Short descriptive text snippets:
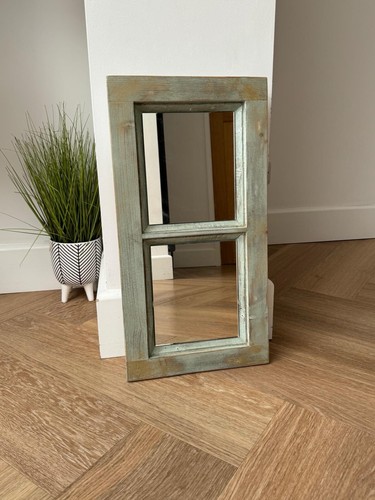 Shabby chic window - shabby, mirror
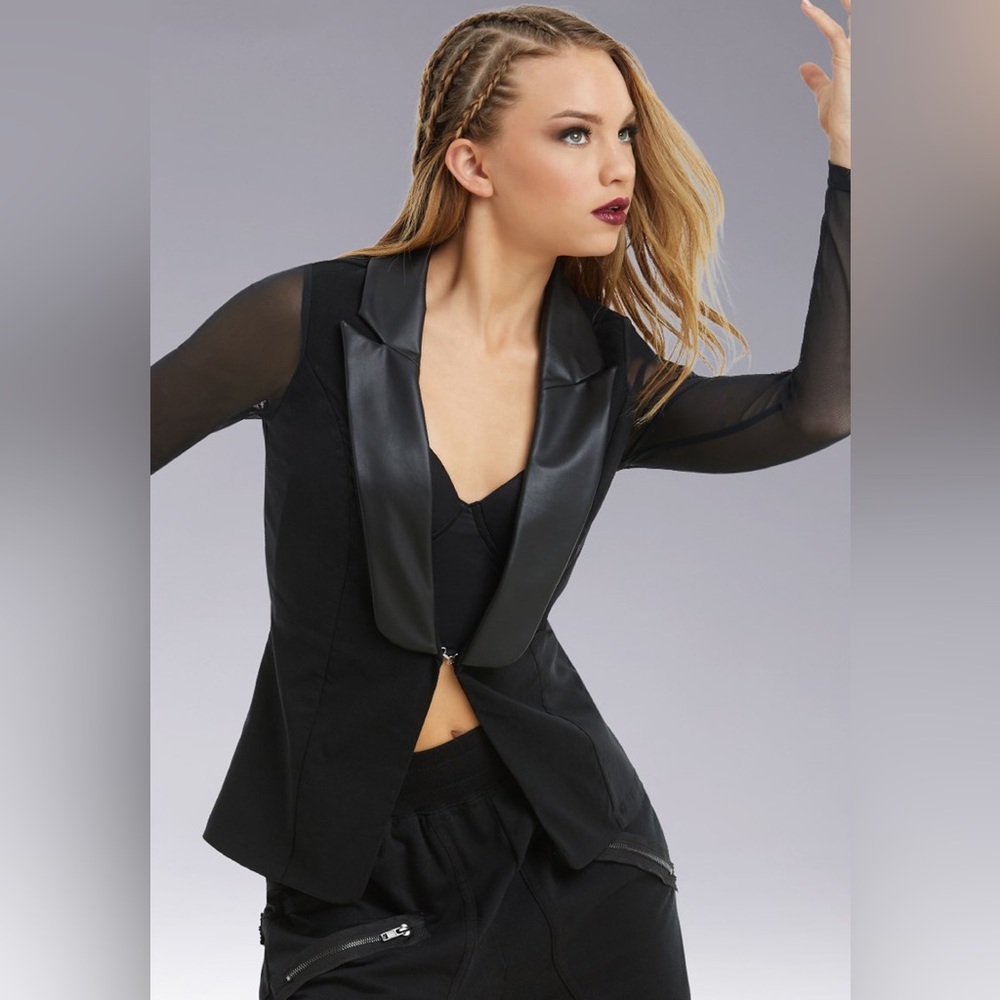 Balera Mesh Sleeve Tuxedo Jacket - Child Medium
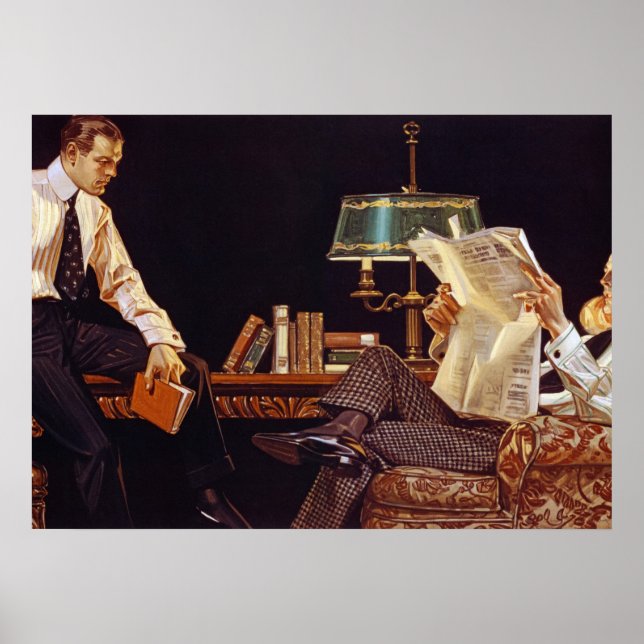 Arrow shirt Collars, American Advertisement, 1914 Poster (Framsidan)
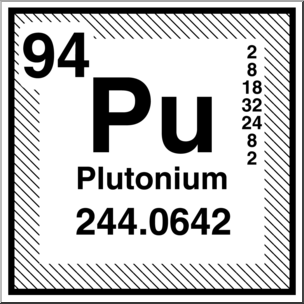 Clip Art: Elements: Plutonium B&W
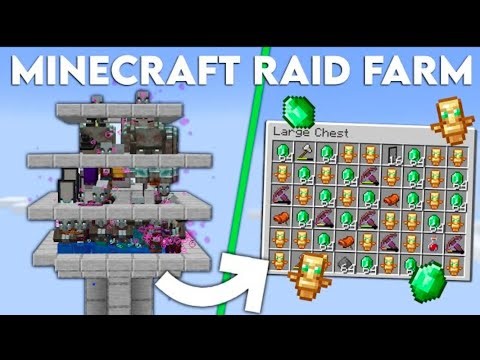 Minecraft BEST Raid Farm - 3600 Emerald Per Hour - Raid Farm Tutorial #minecraft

* Activity *
All the lines above are to be given again exactly as they read, with the pictures removed.

* Response to this task *
 Shabby chic window - shabby, mirror
 Balera Mesh Sleeve Tuxedo Jacket - Child Medium
 Arrow shirt Collars, American Advertisement, 1914 Poster (Framsidan)
 Clip Art: Elements: Plutonium B&W
 Minecraft BEST Raid Farm - 3600 Emerald Per Hour - Raid Farm Tutorial #minecraft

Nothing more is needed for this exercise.